1. Introduction
Since the birth of film in the 19th century, film has been influencing people's lives as a representative form of entertainment. By the early 20th century, film companies pooled their funds to build production bases, purchase expensive production equipment, and raise funds for the production of feature films, relying on large audiences to collectively buy tickets to watch films to make a profit. This formed the rudiments of a commercial film production and sales model [1]. Today, a film's box office performance and its surrounding revenues are generally accepted as an important measure of their success. Therefore, it is crucial for investors to analyze and understand the factors that influence film revenue, as it can help them gauge how to make choices to maximize their returns.

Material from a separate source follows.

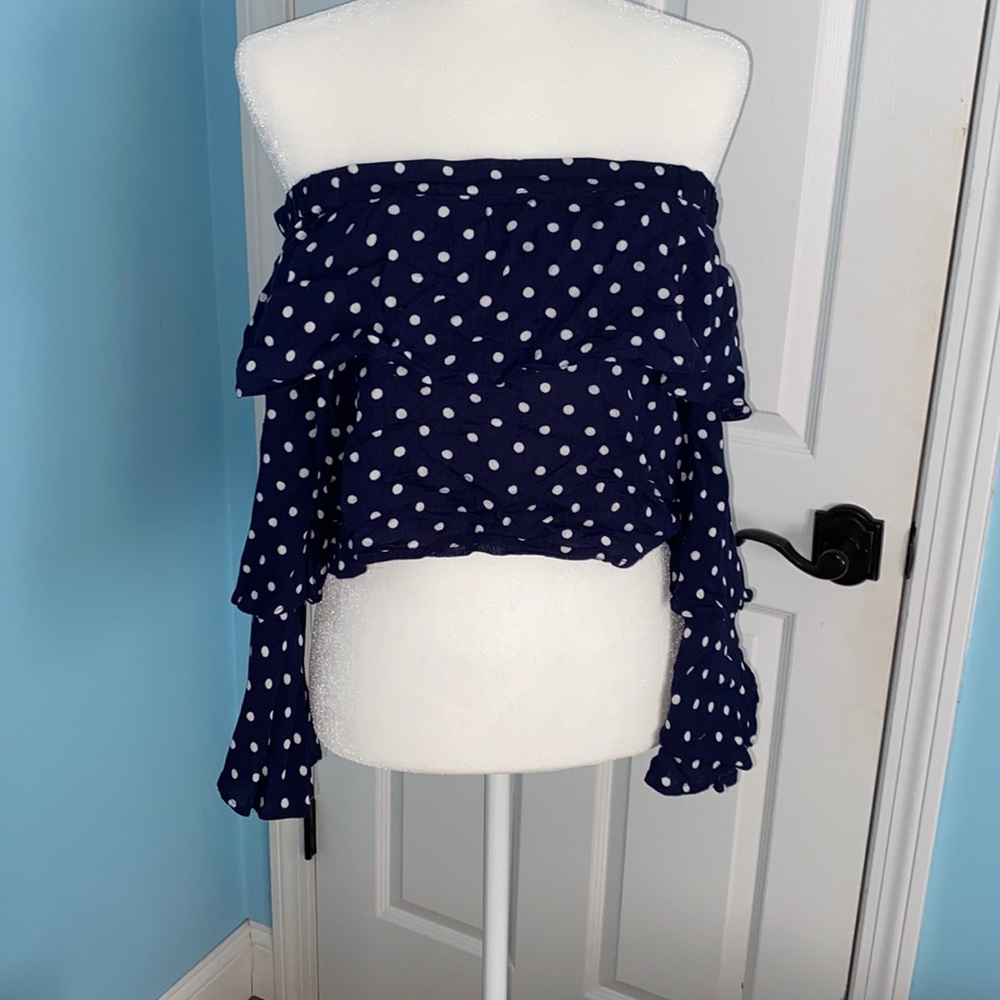 Chloe & Katie White Polka Dotted Layered Long Sleeve off the shoulder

With the development of the times, more and more film technology has begun to advance. More and more viewers are able to learn a lot of information before the film is released, such as the approximate investment of the film, the release date, the type of film, and the overall rating of the film in advance, and this information will also be promoted in advance to help the audience choose.
This paper selects all the feature films that have been released worldwide from 2022 to 2023, and uses statistical methods to conduct linear regression analysis on six factors: film budget, audience rating, number of votes, popularity value, release date and film duration, and evaluates the impact of each factor on the box office. The six main influencing factors of film budget (budget), audience rating (vote_average), number of votes (vote_count), popularity value (popularity), release date (release_date) and film duration (runtime) have an impact on the total revenue of the film.
2. Methodology
2.1. Scope of Study
The data selected in this paper are 899 feature films (According to the Academy of Motion Picture Arts and Sciences, the American Film Institute and the British Film Institute a feature film runs for more than 40 minutes) [2] released worldwide between January 2022 and December 2023. The data is from the "Full TMDB Films Dataset 2024 (1M Films)" dataset on the Kaggle website, and all the data is from the official TMDB website.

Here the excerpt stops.